• _Task prompt_
Please copy each line below that contains the word "Boho".

─── Entries provided

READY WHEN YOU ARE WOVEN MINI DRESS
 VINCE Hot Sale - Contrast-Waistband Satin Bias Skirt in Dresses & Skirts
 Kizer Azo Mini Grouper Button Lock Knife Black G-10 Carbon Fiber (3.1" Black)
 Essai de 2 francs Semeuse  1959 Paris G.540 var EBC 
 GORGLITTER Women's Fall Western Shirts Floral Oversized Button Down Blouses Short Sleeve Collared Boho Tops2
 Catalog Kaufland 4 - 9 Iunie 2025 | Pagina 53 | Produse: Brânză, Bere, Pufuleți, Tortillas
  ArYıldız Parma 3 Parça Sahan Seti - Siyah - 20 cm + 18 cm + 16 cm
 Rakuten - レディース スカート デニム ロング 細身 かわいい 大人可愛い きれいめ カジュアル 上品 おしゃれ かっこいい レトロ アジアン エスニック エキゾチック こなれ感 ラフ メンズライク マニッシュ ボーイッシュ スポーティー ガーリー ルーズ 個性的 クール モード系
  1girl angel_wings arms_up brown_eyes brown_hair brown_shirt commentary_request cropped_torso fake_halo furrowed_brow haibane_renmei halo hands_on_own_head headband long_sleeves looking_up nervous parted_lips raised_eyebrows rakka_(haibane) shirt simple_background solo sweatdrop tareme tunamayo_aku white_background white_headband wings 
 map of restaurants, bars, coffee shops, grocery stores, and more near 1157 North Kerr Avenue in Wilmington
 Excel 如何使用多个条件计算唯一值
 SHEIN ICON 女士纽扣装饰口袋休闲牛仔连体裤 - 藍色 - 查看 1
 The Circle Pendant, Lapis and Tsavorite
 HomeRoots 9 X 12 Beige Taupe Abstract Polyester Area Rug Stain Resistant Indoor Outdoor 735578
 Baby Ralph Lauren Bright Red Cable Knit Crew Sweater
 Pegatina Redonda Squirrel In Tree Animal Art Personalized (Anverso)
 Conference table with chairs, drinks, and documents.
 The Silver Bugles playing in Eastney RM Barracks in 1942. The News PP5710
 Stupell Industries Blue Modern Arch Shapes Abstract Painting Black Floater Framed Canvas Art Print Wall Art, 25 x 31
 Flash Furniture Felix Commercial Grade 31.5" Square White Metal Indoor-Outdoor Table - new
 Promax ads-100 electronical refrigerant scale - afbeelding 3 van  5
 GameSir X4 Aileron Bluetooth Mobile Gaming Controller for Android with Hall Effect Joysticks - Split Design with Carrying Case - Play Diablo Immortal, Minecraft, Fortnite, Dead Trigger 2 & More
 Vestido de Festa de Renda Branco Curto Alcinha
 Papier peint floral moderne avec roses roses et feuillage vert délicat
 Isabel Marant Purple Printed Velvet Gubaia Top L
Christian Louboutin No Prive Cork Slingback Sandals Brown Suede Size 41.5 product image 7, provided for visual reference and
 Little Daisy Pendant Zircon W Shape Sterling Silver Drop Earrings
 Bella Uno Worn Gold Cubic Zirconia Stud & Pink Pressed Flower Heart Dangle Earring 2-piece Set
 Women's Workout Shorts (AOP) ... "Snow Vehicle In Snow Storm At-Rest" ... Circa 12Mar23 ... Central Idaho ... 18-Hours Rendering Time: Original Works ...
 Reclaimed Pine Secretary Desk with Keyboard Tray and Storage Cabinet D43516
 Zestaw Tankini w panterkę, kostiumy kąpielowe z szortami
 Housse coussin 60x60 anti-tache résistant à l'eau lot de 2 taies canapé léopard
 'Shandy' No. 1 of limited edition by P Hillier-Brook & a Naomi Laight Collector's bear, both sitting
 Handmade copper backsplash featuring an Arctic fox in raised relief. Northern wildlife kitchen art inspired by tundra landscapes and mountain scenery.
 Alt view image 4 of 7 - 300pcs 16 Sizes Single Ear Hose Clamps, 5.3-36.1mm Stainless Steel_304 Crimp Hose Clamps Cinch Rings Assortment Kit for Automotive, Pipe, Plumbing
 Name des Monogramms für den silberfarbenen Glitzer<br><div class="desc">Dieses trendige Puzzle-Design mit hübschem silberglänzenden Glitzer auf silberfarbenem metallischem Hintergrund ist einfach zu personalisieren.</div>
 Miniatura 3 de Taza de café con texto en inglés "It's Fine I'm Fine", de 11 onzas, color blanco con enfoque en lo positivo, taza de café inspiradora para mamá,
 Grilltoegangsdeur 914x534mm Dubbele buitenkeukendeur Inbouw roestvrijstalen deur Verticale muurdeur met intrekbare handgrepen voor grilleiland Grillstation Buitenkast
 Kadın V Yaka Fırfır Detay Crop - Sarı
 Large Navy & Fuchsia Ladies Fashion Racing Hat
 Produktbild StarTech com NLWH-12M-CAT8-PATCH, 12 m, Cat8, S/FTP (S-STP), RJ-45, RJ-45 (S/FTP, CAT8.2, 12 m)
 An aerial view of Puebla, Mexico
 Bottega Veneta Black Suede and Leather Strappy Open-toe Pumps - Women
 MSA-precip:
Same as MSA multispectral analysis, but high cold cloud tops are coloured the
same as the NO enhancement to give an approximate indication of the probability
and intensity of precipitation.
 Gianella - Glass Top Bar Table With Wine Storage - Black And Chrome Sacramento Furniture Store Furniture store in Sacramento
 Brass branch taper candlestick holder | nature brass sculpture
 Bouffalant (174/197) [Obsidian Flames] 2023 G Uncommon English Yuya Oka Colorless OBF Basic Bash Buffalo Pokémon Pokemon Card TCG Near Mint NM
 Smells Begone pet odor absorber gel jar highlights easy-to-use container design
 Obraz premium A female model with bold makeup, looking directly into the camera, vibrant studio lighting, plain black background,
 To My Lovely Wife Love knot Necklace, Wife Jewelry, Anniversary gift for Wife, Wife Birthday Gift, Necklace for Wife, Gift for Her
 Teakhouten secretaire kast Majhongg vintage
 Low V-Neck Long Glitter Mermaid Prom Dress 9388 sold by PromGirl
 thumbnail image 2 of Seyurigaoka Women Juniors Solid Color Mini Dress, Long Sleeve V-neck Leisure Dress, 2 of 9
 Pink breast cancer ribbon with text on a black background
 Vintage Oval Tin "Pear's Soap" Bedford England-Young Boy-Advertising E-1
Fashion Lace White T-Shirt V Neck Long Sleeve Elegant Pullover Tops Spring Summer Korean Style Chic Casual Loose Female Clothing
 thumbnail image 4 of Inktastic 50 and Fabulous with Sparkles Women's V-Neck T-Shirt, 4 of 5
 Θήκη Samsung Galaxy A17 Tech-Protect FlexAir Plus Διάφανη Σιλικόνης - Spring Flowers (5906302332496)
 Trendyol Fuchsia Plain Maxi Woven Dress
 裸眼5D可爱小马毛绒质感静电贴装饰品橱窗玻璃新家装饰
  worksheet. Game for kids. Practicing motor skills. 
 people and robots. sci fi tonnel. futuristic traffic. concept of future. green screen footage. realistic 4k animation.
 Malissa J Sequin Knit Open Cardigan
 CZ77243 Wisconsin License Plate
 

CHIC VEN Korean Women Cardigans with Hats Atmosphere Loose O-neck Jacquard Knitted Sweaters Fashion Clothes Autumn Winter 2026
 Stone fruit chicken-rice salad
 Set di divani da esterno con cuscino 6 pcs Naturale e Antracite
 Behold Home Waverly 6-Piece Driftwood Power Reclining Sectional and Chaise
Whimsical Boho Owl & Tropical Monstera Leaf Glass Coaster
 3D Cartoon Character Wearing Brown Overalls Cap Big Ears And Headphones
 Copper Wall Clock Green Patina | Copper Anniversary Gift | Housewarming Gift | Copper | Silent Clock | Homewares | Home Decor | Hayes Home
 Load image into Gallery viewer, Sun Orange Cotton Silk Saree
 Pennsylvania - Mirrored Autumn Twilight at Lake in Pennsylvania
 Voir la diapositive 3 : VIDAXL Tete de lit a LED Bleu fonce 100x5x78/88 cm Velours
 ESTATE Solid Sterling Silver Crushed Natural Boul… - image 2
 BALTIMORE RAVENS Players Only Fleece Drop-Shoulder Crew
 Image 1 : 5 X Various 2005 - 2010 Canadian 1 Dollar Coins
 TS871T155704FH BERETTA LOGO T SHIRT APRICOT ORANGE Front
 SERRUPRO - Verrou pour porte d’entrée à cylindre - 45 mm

──────

• _Reply_
 GORGLITTER Women's Fall Western Shirts Floral Oversized Button Down Blouses Short Sleeve Collared Boho Tops2
Whimsical Boho Owl & Tropical Monstera Leaf Glass Coaster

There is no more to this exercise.